Festival for foodies


By Marjie Lambert

Miami Herald (TNS)

Bacon macaroni and cheese or deconstructed duck confit?

Coconut shrimp or goat cheese fingerling potato tart?

Busch Gardens Tampa Bay is hosting its first food and wine festival on weekends through the end of April, and in the spotlight is a good mix of the comfortable and the bold.

Busch Gardens chefs created 29 small-plate dishes just for this event. They range from the familiar (shrimp and grits, smoked beef brisket) to dishes that push just beyond the comfort zone (venison chili, roasted pork belly with tomato-onion jam) to the sweet (mango eclair, grilled cheesecake sandwich).

The festival also offers more than 50 brews, many of them Florida craft beers, and more than 50 wines. Many of the food items come with pairing recommendations.

“We’re always looking for new, unique experiences. We look back on what our guests loved and build on that,” said Heather Harrison, entertainment-show manager for Busch Gardens. “We see this being something that will reach out to many guests that we haven’t been able to reach before — different ages, different palates, people who enjoy wine rather than beer, people who are foodies.

“We’re pulling out all the stops.”

The new event replaces the Bands, Brew & BBQ festival with a more-ambitious array of food and beverages.

“We’ve got everything from grilled food, seafood, vegetarian to soul food,” Harrison said. “They all have some kind of a Southern or Florida twist.”

Guests stood recently at small tables sampling a little of this, a little of that.

“There isn’t anything we haven’t liked yet. The food’s been good, and there’s a good variety,” said Elizabeth Kara of Spring Hill, Fla. “It’s a little bit better than what I expected.”
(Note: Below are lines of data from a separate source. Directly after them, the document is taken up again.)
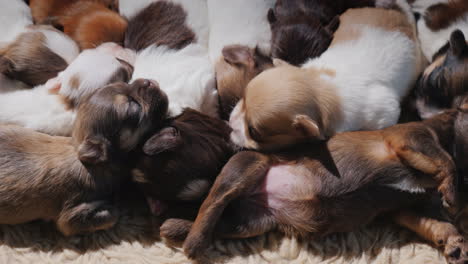 Hund-Kümmert-Sich-Um-Ihre-Neugeborenen-Welpen-01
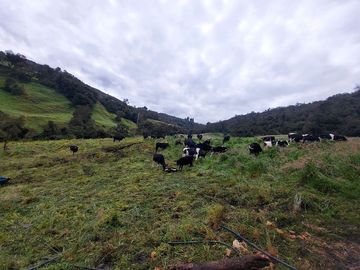 hacienda lechera ganadera de venta sector vía a soldados a 12 minutos de Cuenca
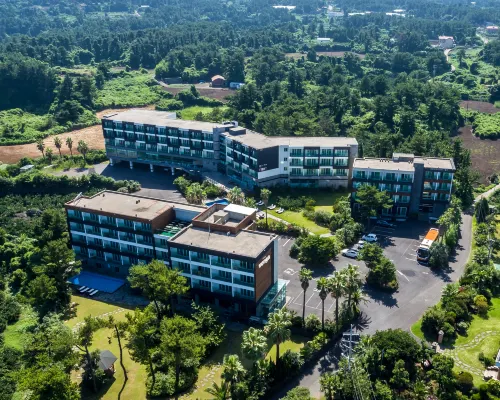 Venga Stay Hotels near Baum Coffee Museum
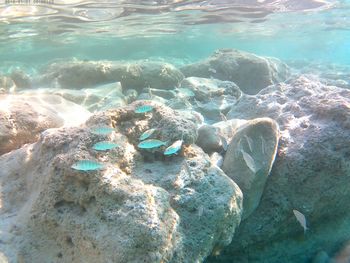 High angle view of rocks at shore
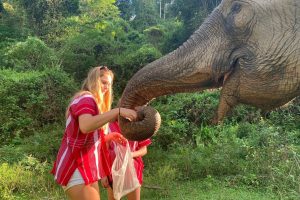 Blog artikel1 'Ethisch olifantentoerisme in Thailand'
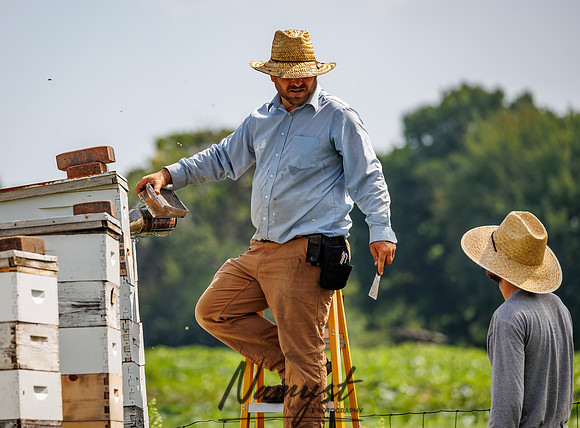 Waldoch Farm Honey Harvest 49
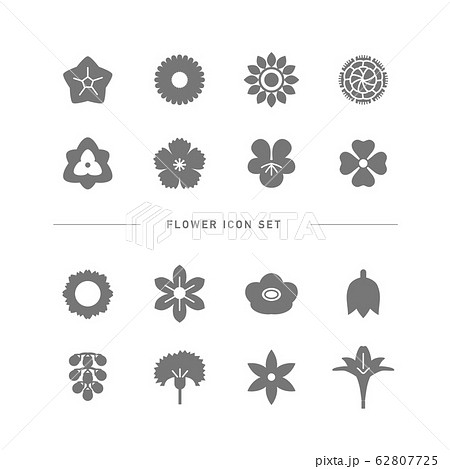 FLOWER ICON SET 62807725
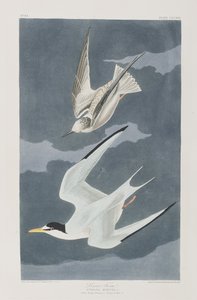 Illusztráció a "Birds of America"-ból alkotó: John James Audubon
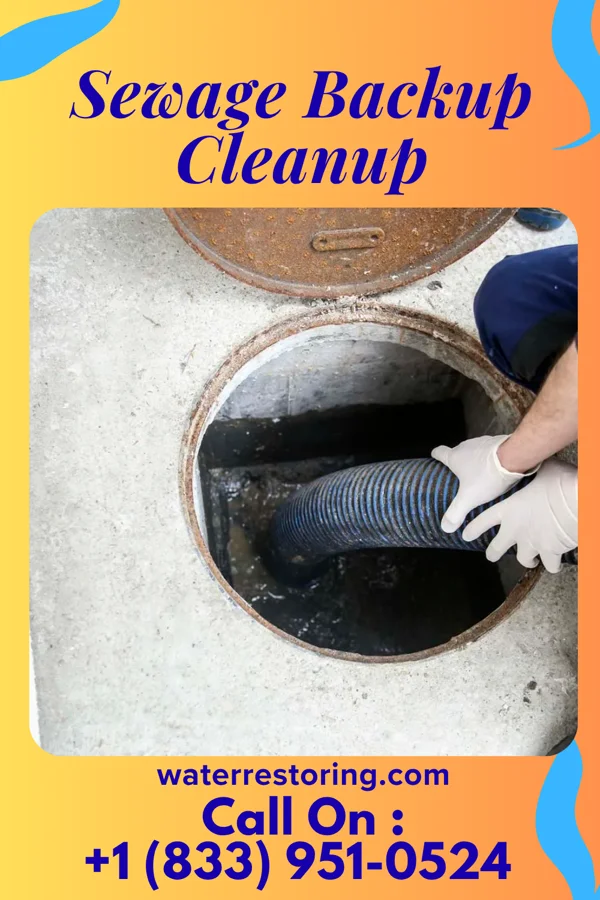 Sewage Backup Cleanup in Orrville, OH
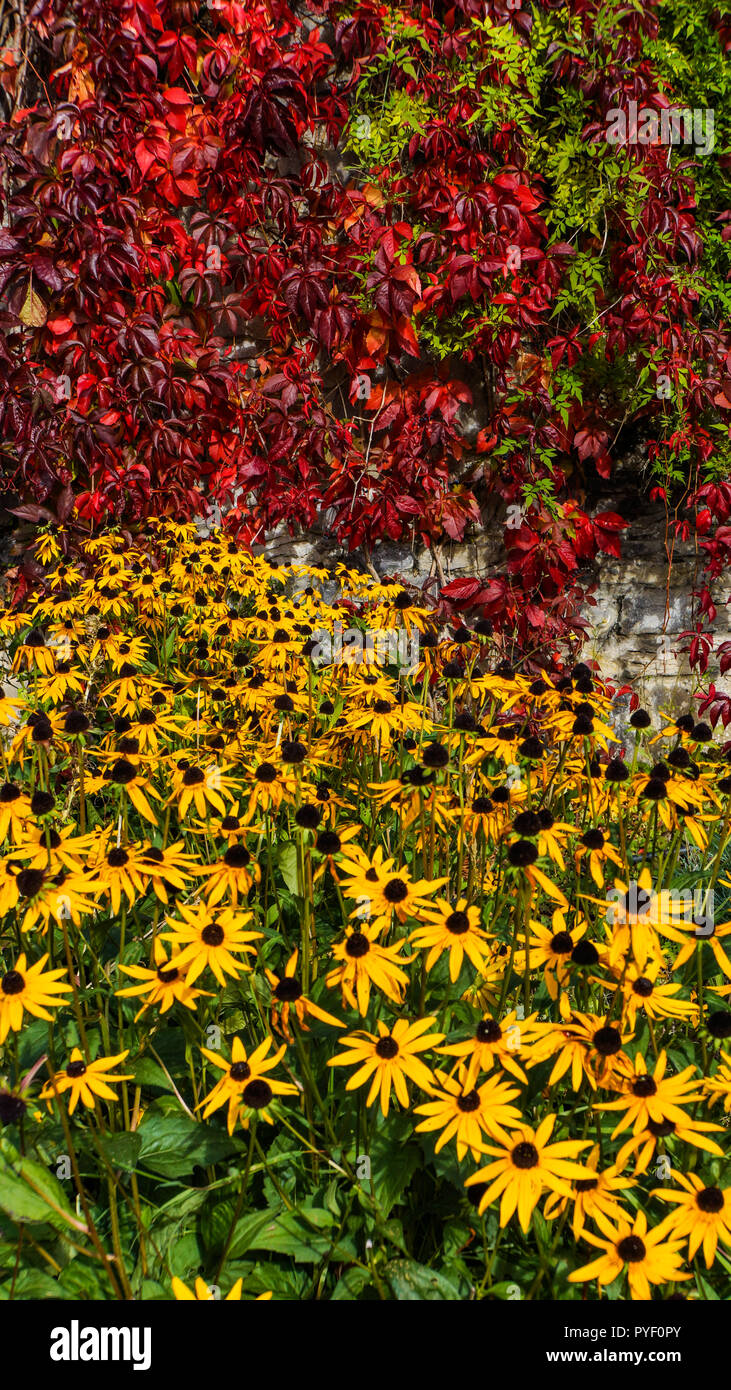 Couleurs jardin feuillage d'automne jaune vif avec black-eyed Susan fleurs et feuilles de vigne rouge 5 branches de lierre mur jardin semé en baisse Banque D'Images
“And there’s a good assortment of drinks,” added her husband, Christopher Kara.

Their favorite? “It’s a toss-up between the coconut shrimp and the short ribs,” she said.

“The short ribs,” he said.

Recently, Norman van Aken, a Miami/Key West chef celebrated for his contributions to South Florida cuisine, gave cooking demonstrations, handed out samples of his sauteed shrimp and answered questions from a small audience.

In a shady courtyard where people sought refuge from the sun, a living statue — a woman dressed or painted in ivory from head to toe to resemble statuary — stood still, and at time moved gracefully to music. Sometimes water sprayed from her fingertips as if they were sprinklers.

The festival is set up in the shadow of Gwazi, an old-fashioned wooden roller coaster that Busch Gardens shut down in February because it was no longer popular with guests. The park has not yet decided how it will replace the coaster, which is still standing.

The area is lined with midway games, but for the Food & Wine Festival, some of the games were themed for the event. In the ring toss, for example, the targets were the necks of wine bottles.

Concerts are scheduled every Saturday and Sunday through April 26, the last day of the festival.

The park’s regular attractions were open, and some festivalgoers took their cups of beer or plates of dessert to watch cheetahs strolling through their habitat or alligators sunning themselves by a nearby pond. In the background, roller-coaster riders screamed and whooped.

The Busch festival is not on the scale of Disney’s annual Epcot Wine & Food Festival held each fall. The Busch festival doesn’t have the galas, wine-tasting seminars and food workshops that the Epcot festival does.

But on a recent Sunday, it sounded as if it might develop its own loyal following. Of half a dozen guests interviewed, all said they have annual passes, come to Busch Gardens regularly and would return for the festival.